**PROBLEM**
Once the line with "Ring - GSR1106" is found in the entries below, repeat it and each following line exactly, up to and including the line with "Locksmith service storefront". Add no other lines.

**WORKING DATA**
· · · · · · ·

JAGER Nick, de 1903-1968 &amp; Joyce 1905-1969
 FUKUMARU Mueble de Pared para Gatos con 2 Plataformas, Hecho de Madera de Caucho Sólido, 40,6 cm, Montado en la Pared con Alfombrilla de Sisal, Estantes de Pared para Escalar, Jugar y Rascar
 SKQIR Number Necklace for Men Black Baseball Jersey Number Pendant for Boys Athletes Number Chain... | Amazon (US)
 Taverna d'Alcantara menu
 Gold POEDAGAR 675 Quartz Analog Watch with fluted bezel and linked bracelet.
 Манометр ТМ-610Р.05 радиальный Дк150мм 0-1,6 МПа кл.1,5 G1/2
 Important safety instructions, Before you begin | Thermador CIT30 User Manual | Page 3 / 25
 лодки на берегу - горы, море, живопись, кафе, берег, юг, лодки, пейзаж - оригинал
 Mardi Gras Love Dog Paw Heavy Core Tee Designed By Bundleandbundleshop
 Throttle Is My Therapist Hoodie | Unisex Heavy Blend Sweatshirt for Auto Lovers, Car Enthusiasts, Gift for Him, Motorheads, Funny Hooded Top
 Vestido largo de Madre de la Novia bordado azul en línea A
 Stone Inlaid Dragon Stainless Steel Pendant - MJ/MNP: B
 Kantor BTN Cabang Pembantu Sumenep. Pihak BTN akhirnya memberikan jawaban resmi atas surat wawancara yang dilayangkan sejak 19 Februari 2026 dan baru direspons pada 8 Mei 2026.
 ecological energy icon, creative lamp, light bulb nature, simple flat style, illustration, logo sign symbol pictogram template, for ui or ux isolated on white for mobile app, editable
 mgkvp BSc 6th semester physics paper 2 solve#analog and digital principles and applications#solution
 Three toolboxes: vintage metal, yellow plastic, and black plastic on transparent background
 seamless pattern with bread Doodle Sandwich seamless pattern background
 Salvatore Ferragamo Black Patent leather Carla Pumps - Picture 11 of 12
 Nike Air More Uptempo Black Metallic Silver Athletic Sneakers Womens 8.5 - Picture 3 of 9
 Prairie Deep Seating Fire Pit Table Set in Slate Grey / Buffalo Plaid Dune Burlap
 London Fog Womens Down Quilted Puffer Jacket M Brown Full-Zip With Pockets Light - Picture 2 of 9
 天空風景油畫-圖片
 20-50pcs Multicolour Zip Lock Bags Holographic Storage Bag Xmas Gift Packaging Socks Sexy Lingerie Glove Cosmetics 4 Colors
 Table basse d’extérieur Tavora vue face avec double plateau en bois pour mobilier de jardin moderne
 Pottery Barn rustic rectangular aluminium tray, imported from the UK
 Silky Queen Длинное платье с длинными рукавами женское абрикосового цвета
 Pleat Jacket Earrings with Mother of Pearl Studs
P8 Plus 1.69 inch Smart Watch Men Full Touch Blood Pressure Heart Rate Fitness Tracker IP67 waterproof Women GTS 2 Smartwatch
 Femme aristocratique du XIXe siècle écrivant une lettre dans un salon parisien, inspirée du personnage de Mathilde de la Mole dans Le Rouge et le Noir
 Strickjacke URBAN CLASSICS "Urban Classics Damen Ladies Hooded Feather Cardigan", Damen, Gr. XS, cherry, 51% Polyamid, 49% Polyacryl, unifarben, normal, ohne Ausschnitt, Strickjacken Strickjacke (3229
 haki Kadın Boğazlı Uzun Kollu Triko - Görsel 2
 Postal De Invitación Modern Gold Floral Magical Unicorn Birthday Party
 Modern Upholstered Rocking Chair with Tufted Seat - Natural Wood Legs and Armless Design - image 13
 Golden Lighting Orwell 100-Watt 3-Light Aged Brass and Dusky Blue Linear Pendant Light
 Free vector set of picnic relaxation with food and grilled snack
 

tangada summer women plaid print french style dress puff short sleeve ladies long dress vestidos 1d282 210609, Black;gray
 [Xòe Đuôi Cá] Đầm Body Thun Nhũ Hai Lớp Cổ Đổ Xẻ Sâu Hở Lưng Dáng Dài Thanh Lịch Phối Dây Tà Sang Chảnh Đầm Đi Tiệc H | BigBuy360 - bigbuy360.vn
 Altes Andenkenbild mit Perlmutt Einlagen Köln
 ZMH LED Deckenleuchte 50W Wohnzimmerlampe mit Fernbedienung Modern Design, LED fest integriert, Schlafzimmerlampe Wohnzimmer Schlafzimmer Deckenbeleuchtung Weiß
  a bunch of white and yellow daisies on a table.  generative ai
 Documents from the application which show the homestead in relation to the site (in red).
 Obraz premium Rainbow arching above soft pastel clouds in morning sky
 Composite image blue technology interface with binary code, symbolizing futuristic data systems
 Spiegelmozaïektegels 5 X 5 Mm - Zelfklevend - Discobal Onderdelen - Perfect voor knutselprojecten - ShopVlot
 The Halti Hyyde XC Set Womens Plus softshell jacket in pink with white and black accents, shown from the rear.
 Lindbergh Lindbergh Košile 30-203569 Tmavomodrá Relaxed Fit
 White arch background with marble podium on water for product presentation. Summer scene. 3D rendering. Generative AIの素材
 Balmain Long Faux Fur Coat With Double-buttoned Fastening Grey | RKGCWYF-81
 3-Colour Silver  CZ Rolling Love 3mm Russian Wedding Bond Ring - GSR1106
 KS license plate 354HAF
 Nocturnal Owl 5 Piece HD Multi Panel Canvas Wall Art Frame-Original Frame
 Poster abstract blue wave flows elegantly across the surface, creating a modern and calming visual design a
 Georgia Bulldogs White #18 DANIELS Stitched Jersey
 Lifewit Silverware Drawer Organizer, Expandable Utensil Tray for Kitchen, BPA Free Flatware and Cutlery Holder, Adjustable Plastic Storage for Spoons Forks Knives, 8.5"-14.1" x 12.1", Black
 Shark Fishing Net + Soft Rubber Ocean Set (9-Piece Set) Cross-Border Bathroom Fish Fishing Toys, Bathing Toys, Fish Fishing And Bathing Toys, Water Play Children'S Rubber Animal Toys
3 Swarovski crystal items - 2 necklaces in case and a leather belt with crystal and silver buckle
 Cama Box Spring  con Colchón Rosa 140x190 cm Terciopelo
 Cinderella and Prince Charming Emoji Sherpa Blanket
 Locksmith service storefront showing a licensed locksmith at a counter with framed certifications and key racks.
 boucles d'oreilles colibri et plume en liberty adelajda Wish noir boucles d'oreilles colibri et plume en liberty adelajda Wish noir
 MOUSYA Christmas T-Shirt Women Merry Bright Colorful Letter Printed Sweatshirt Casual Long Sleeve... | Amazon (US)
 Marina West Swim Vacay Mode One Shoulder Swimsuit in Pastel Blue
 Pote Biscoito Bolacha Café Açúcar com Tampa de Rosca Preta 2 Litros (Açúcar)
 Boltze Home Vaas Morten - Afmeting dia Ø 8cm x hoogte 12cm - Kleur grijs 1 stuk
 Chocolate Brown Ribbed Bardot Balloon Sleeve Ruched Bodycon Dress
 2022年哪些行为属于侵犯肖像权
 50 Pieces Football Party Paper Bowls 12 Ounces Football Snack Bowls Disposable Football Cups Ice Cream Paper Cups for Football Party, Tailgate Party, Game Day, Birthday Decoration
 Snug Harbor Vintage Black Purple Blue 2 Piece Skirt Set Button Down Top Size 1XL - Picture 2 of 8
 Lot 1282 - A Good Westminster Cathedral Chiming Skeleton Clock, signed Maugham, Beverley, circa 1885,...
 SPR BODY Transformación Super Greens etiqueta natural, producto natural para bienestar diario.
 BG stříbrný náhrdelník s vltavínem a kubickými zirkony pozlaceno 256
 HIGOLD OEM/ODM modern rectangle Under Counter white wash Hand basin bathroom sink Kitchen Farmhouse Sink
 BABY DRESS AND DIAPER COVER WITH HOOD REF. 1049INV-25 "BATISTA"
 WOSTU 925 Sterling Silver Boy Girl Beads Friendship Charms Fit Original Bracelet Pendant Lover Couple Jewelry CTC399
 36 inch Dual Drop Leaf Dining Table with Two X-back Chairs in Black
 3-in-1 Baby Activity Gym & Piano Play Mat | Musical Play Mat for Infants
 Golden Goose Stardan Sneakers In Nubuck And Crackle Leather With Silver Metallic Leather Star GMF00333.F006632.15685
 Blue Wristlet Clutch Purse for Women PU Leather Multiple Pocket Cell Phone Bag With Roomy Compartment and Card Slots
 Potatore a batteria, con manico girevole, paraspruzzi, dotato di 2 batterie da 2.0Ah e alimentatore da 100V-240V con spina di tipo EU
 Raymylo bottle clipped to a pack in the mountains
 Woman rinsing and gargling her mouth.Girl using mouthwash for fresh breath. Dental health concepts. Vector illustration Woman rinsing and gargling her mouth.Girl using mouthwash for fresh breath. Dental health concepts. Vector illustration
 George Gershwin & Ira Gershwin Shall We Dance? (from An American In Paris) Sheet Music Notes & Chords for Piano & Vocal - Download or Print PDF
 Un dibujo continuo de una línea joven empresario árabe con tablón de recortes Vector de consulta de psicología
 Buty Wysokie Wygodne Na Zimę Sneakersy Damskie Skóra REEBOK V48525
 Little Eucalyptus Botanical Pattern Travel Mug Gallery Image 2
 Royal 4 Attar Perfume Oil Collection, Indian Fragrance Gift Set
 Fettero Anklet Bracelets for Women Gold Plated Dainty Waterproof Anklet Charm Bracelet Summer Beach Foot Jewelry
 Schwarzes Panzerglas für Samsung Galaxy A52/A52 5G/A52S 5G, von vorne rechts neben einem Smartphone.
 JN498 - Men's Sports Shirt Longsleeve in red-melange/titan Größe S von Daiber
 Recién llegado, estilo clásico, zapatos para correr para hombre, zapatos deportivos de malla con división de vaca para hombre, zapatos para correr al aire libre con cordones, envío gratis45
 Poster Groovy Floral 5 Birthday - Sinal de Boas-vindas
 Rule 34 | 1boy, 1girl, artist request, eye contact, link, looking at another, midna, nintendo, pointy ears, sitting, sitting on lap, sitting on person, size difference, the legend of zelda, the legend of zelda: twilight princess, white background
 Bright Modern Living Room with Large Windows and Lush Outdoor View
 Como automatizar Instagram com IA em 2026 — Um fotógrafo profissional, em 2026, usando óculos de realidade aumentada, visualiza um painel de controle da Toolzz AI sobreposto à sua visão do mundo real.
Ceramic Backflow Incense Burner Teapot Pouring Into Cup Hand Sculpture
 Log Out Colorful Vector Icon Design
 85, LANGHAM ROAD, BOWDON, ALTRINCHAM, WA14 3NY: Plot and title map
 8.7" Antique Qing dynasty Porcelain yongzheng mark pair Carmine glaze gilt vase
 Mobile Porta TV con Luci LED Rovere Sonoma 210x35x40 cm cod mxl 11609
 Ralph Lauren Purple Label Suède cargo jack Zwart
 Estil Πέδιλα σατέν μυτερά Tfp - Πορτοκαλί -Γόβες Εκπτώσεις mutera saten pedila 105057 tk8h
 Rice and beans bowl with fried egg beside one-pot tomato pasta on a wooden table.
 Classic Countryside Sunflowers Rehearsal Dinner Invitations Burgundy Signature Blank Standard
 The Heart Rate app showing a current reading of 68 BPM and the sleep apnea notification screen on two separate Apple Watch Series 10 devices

· · · · · · ·

**RESULT FOR THIS TASK**
 3-Colour Silver  CZ Rolling Love 3mm Russian Wedding Bond Ring - GSR1106
 KS license plate 354HAF
 Nocturnal Owl 5 Piece HD Multi Panel Canvas Wall Art Frame-Original Frame
 Poster abstract blue wave flows elegantly across the surface, creating a modern and calming visual design a
 Georgia Bulldogs White #18 DANIELS Stitched Jersey
 Lifewit Silverware Drawer Organizer, Expandable Utensil Tray for Kitchen, BPA Free Flatware and Cutlery Holder, Adjustable Plastic Storage for Spoons Forks Knives, 8.5"-14.1" x 12.1", Black
 Shark Fishing Net + Soft Rubber Ocean Set (9-Piece Set) Cross-Border Bathroom Fish Fishing Toys, Bathing Toys, Fish Fishing And Bathing Toys, Water Play Children'S Rubber Animal Toys
3 Swarovski crystal items - 2 necklaces in case and a leather belt with crystal and silver buckle
 Cama Box Spring  con Colchón Rosa 140x190 cm Terciopelo
 Cinderella and Prince Charming Emoji Sherpa Blanket
 Locksmith service storefront showing a licensed locksmith at a counter with framed certifications and key racks.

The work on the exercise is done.